# CR1 Visa timeline validity question



## HammersmithLad (Sep 20, 2016)

Hi Everyone,

I’m a UK citizen married to US citizen for just over 2 years, we were married in the UK and my Wife is staying in the UK on FLR(M) and is getting ready to apply for the 2nd stage under the 5 year route in March 2017.

We have some family issues that mean we have to go and stay in the USA for 6 months after March 2017. I was wondering what was possible for me and I was wondering if anyone had any experience or advice on? 

•	could I apply for a CR1 visa and be able to work in the USA during that 6 months?
•	If we came back to the UK for my Wife to complete FLR(M), can I return to the USA later with the same CR1 Visa? Does anyone have any info on guidelines on time spent out of the country with the CR1 Visa validity?
•	are there any other options that will allow me to work in the USA?

They are general timelines as we aren’t sure of where we will be as that is governed the health of others, so we need to be as flexible as possible.

Thanks,
Steve.


----------



## twostep (Apr 3, 2008)

You may make your dead line if you go the route of Direct Consular Filing in London asap. Re-entry permit allows a Green Card holder to be out side the US for up to a year.
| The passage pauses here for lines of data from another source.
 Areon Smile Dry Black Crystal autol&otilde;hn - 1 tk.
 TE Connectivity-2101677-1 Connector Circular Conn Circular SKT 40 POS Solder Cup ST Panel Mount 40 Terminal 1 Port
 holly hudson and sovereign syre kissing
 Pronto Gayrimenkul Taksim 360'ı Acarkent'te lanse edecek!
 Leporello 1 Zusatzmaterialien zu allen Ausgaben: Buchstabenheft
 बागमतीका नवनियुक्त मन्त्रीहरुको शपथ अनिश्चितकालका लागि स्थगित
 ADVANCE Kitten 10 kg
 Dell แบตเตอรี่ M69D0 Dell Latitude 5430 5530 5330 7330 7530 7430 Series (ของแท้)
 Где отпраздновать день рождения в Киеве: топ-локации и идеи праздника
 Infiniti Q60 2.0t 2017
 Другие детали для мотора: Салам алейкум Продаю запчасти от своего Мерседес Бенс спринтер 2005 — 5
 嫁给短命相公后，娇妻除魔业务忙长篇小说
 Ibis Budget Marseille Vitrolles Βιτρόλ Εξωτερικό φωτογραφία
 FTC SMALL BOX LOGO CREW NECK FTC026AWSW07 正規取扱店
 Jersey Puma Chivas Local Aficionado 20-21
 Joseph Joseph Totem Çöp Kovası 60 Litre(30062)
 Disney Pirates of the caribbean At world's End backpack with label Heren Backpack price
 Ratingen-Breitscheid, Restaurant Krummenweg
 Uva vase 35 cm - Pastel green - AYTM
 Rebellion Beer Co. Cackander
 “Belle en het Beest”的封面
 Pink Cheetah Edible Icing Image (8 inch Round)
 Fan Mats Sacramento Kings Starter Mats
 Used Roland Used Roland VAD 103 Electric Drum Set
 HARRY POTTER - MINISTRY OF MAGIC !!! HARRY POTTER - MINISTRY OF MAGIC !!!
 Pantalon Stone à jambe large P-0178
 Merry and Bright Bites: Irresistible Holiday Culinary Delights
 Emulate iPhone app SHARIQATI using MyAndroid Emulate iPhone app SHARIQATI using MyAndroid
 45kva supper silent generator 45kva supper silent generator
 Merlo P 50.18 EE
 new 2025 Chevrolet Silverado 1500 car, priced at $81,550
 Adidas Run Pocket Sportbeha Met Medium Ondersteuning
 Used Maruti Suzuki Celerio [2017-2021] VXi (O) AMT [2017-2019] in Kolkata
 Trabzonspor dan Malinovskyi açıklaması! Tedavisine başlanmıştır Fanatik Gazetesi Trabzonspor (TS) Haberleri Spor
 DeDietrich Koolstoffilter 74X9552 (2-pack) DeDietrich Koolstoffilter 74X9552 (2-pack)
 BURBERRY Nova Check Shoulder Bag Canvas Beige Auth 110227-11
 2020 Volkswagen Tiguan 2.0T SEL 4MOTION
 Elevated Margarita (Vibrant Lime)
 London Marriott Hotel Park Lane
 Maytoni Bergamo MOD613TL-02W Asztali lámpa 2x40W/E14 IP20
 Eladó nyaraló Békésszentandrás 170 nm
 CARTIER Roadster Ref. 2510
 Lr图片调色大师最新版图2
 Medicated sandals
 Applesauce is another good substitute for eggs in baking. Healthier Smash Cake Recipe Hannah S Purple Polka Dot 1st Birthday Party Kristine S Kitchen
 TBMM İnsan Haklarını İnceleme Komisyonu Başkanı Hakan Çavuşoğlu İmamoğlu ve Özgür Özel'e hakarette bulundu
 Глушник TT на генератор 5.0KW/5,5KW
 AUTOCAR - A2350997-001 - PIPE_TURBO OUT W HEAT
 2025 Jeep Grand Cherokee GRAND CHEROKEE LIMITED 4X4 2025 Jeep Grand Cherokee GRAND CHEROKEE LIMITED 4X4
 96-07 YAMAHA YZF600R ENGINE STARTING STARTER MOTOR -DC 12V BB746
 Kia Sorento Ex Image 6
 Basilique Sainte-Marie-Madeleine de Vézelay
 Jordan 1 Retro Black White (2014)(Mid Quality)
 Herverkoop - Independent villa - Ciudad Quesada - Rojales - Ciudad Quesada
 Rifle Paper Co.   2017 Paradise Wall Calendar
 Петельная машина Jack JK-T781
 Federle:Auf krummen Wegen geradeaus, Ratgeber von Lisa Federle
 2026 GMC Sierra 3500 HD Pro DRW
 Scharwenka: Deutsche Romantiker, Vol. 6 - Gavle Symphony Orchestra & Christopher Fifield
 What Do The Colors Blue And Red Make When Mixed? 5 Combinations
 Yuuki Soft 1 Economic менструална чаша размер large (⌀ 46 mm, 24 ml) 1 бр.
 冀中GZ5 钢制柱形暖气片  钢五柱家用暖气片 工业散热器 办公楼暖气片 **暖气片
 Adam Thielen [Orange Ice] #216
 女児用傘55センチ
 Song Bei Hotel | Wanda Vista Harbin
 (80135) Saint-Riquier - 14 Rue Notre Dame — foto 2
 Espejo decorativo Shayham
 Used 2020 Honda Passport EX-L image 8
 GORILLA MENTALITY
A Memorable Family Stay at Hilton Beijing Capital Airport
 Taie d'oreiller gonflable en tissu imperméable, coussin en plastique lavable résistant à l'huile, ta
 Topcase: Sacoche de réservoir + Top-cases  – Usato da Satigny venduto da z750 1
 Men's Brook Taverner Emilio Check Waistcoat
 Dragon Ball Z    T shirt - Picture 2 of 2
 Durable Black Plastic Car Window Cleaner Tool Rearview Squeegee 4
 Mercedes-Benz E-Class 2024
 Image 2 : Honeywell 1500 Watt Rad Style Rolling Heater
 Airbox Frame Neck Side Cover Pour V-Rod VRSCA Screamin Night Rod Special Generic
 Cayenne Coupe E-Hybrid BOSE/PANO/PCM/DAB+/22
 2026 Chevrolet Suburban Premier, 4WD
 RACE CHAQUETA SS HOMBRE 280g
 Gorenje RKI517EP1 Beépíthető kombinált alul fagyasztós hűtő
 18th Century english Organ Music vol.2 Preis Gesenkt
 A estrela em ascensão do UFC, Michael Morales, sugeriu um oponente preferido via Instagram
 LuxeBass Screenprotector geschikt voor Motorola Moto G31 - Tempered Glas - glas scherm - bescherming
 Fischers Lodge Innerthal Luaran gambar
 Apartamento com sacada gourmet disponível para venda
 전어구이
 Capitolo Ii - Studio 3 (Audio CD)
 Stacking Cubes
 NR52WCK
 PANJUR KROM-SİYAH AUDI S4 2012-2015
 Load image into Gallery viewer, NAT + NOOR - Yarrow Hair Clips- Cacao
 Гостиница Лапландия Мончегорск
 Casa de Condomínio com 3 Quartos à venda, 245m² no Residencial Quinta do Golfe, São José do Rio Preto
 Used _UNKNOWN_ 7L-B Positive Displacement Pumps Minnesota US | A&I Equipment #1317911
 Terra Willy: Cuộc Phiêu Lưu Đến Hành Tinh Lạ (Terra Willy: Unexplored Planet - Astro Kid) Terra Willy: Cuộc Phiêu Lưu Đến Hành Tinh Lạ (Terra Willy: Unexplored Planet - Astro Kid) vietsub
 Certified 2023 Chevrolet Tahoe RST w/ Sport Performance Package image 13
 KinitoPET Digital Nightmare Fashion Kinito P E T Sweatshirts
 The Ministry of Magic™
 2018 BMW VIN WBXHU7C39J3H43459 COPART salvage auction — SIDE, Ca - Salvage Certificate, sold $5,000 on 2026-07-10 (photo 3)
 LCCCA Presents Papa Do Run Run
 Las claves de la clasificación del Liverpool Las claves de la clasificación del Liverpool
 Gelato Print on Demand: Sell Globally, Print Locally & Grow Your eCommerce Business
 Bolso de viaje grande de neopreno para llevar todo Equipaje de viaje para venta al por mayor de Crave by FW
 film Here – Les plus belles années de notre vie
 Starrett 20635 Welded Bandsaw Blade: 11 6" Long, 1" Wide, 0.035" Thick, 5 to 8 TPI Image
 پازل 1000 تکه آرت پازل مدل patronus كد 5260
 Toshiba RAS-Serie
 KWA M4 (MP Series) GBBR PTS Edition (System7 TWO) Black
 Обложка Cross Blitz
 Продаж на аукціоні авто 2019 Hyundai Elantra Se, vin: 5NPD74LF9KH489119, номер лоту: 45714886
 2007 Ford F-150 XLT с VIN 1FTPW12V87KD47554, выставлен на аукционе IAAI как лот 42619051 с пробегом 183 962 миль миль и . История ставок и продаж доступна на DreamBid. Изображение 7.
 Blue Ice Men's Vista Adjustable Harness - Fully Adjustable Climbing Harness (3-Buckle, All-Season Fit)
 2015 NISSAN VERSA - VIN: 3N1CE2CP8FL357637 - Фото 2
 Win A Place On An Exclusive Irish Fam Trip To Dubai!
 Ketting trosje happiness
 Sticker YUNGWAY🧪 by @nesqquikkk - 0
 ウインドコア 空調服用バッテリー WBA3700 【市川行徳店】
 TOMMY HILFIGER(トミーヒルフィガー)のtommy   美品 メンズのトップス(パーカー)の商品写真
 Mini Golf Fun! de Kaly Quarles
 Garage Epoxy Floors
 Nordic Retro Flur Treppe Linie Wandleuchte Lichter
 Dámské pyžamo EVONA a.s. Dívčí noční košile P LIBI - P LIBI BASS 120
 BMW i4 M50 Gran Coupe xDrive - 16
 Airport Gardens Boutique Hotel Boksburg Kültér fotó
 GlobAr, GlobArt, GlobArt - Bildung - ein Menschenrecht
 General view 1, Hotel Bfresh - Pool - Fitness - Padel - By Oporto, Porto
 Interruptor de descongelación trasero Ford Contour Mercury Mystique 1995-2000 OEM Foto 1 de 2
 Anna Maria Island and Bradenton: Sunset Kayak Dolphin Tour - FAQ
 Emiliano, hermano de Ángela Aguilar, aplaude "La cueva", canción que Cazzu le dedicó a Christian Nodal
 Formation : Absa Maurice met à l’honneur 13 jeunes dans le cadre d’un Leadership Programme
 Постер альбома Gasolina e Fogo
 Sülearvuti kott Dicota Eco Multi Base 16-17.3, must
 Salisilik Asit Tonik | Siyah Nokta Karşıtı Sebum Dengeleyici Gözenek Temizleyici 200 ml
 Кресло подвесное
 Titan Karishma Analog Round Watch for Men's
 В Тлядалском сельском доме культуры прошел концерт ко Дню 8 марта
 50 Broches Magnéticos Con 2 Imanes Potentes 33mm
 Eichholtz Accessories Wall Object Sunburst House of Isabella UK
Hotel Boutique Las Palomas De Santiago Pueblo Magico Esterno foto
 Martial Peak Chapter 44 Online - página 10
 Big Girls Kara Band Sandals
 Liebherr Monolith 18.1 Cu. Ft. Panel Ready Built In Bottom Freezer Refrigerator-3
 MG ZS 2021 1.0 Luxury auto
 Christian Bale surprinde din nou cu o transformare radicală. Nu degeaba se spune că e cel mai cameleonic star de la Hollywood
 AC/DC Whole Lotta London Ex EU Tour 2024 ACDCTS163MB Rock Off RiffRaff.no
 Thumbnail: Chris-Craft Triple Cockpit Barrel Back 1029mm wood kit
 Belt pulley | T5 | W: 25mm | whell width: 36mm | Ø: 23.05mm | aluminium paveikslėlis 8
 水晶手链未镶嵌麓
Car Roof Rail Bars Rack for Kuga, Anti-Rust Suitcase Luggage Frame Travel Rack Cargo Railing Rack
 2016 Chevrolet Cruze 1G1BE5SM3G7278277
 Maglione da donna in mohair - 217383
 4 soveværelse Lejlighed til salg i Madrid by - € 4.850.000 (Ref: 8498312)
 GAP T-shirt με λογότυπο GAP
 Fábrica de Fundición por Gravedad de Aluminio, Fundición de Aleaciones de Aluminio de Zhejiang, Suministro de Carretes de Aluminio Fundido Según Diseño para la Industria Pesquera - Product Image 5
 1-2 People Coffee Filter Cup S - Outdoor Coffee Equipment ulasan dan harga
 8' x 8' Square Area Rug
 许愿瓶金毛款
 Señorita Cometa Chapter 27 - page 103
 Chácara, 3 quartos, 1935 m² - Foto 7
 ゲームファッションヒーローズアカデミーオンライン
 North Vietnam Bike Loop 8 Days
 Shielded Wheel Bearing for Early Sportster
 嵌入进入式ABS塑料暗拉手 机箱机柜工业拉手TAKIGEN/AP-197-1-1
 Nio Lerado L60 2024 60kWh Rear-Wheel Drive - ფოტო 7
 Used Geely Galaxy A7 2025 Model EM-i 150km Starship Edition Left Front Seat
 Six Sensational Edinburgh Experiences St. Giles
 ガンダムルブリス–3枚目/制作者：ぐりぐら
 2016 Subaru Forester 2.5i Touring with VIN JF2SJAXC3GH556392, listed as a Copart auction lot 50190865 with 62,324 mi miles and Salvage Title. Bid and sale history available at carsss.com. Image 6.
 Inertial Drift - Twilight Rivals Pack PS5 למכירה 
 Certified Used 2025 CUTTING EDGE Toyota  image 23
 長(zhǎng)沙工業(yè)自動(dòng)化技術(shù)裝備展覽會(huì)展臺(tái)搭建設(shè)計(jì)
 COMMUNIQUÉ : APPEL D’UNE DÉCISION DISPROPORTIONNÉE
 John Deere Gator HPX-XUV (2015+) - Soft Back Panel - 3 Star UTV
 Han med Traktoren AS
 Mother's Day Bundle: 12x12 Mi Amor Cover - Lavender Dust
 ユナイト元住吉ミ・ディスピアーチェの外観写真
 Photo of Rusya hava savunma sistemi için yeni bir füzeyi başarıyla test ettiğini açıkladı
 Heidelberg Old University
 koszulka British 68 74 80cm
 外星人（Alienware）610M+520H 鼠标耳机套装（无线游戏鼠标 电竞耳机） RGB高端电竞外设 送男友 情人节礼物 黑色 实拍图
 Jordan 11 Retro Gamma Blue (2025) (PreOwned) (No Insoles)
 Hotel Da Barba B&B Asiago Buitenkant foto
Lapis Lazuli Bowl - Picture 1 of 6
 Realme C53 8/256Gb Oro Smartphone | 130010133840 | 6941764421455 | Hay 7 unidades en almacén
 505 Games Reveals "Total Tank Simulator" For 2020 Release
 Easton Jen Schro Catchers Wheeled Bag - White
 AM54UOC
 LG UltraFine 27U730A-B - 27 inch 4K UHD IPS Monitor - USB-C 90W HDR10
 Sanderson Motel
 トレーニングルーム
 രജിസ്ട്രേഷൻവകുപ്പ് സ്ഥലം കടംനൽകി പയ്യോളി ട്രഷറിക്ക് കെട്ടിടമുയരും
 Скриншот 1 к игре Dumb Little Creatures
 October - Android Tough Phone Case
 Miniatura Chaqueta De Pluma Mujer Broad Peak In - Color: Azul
It has to be applied for while in the US and aproved. 
Unless you go the route of investor or employment based visa there is no temporary employment authorization.
A Gren Card is not a pond hopper visa but the first step to US citizenship. 
You can always use 90 days via ESTA or apply for 180 days B2 based on whatever the family reason is. Neither entails employment authorization.


----------



## Davis1 (Feb 20, 2009)

A CR! visa is applied for by a US citizen while they are living in the US . it takes around a year to get
I found difficulty in following your post 


SPOUSAL VISA
https://travel.state.gov/content/visas/en/immigrate/family/immediate-relative.html


----------